AWS Use Case: Auto-Scaling Cluster with Job Scheduler on AWS ParallelCluster (deprecated)

Overview

AWS ParallelCluster is an AWS supported Open Source cluster management tool that makes it easy to deploy and manage High-Performance Computing (HPC) clusters in AWS.

This guide will set up a compute cluster in AWS that you can submit engine jobs to using qsub that will dynamically start and stop compute instances depending on the queue size. Having a much faster simulation turnaround times.

Notes

This workflow or use case has been replaced by Ansys Gateway powered by AWS. Contact us or your Ansys Account manager for more information about this service.
This process/use case is provided as-is. Further documentation and support can be found in AWS -> aws-parallelcluster.readthedocs.io.

Prerequisites

Experience with AWS CLI
Experience with AWS Console (for Auditing/Cost Monitor)
Experience with Job Schedulers/Clusters
2-8 hours

Architecture

Pricing

AWS Provides its own pricing guide for AWS ParallelCluster here.

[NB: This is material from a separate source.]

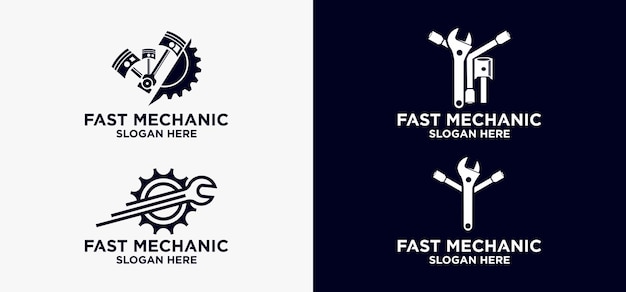 El logotipo de la tecnología mecánica, el logotipo del taller de reparación rápida, el símbolo del mantenimiento rápido de la máquina, el par de repuesto del pistón.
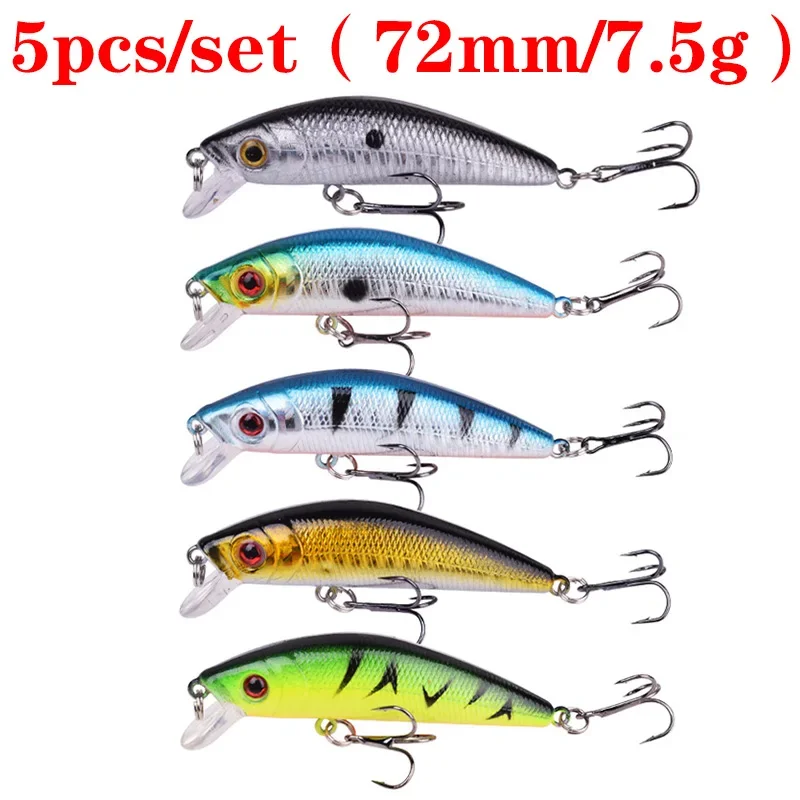 Todo potente juego de señuelos de pesca mixtos, cebo duro de pesca, pececillo, columpio flotante, Crankbait, Wobblers locos, señuelos de manivela biónicos artificiales - imagen 3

AWS charges are based on the amount of time and storage used. The majority costs incurred when running Lumerical Products on AWS while following our most common use-cases are:

EC2 (Elastic Cloud Compute) Instances: For EC2 you only pay for what you use on a sub-second basis (while the instance is in the "Running" state). Our uses cases use on-demand instances, however, there are cheaper hourly rates available for longer-term contracts and spot computing instances. See Amazon EC2 pricing for details.
EBS (Elastic Block Storage): These volumes are used by each EC2 instance as a system drive and are a fixed size set when the instance is launched. Charges are incurred whether the instances are in the "Running" or "Stopped" state. See Amazon EBS Pricing for details.
EFS (Elastic File System): These volumes are dynamically sized and you only pay for the storage you use. These volumes are used as a shared filesystem between multiple instances. See Amazon EFS pricing for details.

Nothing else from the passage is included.